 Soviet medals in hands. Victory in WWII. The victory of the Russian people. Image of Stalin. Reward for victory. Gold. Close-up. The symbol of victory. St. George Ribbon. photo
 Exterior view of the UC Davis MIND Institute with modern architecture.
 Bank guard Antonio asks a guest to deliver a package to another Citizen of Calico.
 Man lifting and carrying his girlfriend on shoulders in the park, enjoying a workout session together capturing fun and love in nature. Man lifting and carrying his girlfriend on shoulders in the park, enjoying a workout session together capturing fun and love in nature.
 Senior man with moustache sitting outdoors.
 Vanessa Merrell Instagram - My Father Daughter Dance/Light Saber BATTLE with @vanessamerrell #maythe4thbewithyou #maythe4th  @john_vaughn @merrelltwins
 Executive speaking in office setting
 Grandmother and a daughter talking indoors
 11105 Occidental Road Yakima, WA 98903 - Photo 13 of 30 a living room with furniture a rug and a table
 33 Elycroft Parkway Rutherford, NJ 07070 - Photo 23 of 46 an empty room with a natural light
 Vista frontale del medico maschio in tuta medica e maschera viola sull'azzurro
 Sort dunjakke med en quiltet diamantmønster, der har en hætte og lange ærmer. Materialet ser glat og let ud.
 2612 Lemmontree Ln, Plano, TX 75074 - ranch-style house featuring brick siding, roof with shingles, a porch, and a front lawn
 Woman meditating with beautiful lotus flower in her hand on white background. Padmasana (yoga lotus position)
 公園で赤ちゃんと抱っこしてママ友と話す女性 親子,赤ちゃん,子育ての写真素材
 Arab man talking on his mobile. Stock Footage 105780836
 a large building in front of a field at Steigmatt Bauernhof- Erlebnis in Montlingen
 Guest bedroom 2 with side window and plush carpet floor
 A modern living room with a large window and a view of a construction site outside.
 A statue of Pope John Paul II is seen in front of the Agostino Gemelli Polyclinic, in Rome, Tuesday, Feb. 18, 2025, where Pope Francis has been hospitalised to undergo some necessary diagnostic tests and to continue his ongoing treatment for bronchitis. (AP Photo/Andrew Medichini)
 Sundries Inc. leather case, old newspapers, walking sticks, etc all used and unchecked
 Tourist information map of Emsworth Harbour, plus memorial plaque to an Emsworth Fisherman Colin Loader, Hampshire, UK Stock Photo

TASK TO COMPLETE
Beginning with the first line of the entries, repeat each line exactly until you have reproduced the one containing "Grandmother and a daughter talking indoors", and add nothing further.

RESULT OF THIS TASK
 Soviet medals in hands. Victory in WWII. The victory of the Russian people. Image of Stalin. Reward for victory. Gold. Close-up. The symbol of victory. St. George Ribbon. photo
 Exterior view of the UC Davis MIND Institute with modern architecture.
 Bank guard Antonio asks a guest to deliver a package to another Citizen of Calico.
 Man lifting and carrying his girlfriend on shoulders in the park, enjoying a workout session together capturing fun and love in nature. Man lifting and carrying his girlfriend on shoulders in the park, enjoying a workout session together capturing fun and love in nature.
 Senior man with moustache sitting outdoors.
 Vanessa Merrell Instagram - My Father Daughter Dance/Light Saber BATTLE with @vanessamerrell #maythe4thbewithyou #maythe4th  @john_vaughn @merrelltwins
 Executive speaking in office setting
 Grandmother and a daughter talking indoors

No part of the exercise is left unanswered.